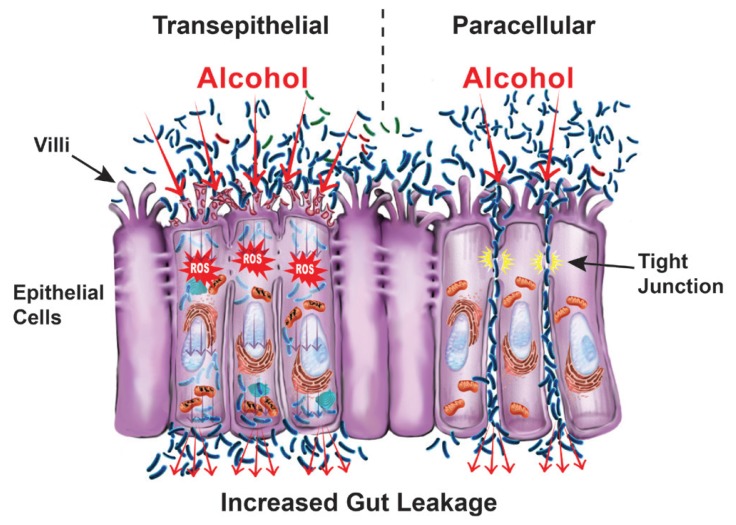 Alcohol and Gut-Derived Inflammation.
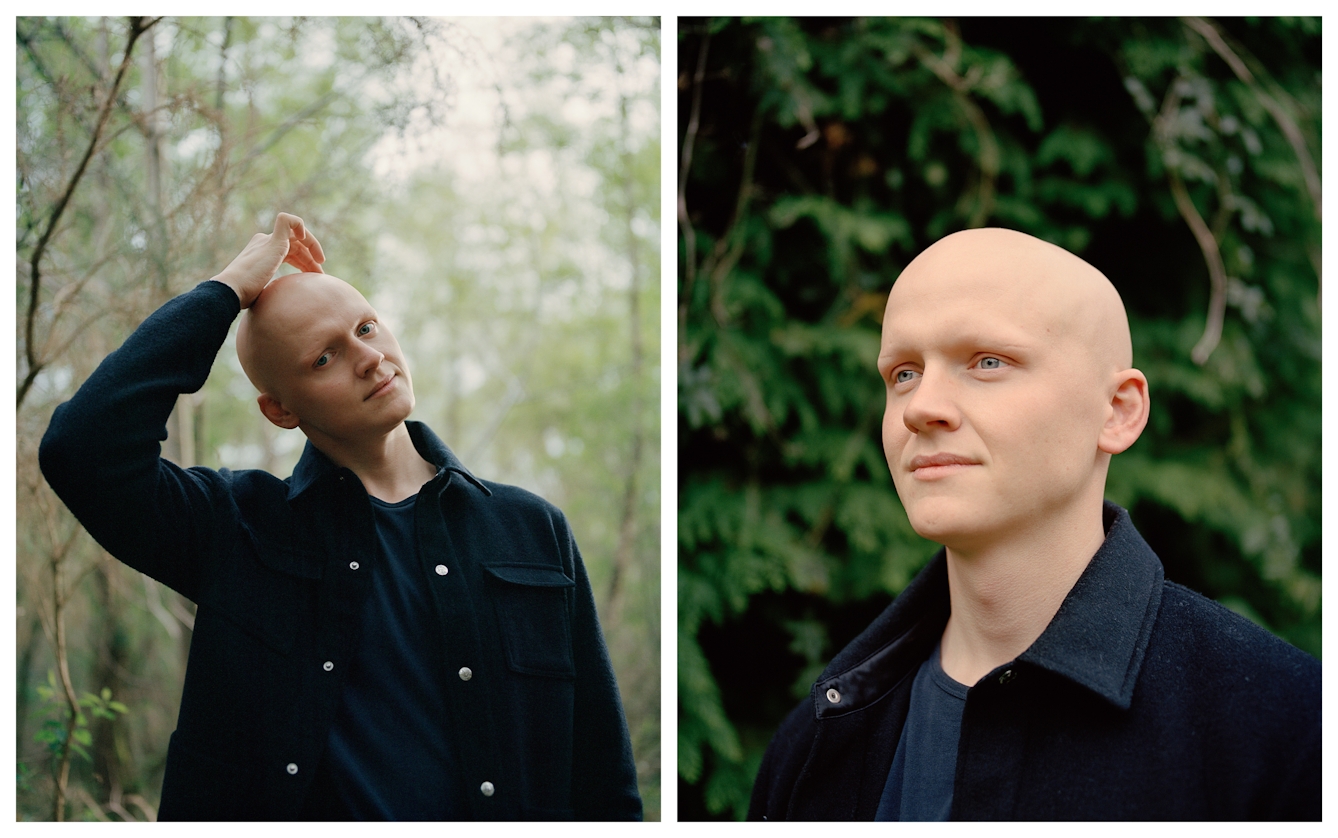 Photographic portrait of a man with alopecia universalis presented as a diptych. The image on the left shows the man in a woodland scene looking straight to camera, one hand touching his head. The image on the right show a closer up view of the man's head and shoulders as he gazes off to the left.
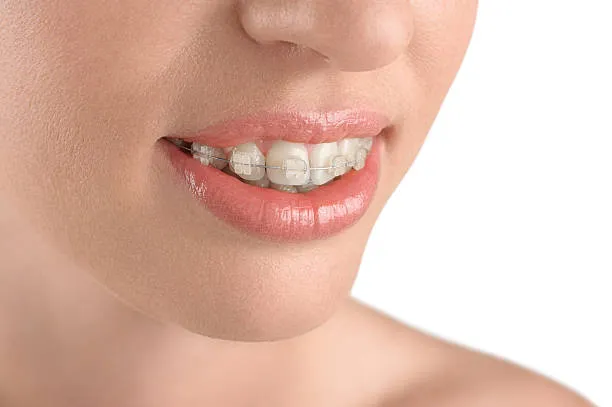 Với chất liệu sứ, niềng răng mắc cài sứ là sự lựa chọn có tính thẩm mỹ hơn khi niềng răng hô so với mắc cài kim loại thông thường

_WHAT IS REQUIRED_.
Repeat the material above word for word and skip every image in it.

_RESPONSE FOR THIS EXERCISE_.
 Alcohol and Gut-Derived Inflammation.
 Photographic portrait of a man with alopecia universalis presented as a diptych. The image on the left shows the man in a woodland scene looking straight to camera, one hand touching his head. The image on the right show a closer up view of the man's head and shoulders as he gazes off to the left.
 Với chất liệu sứ, niềng răng mắc cài sứ là sự lựa chọn có tính thẩm mỹ hơn khi niềng răng hô so với mắc cài kim loại thông thường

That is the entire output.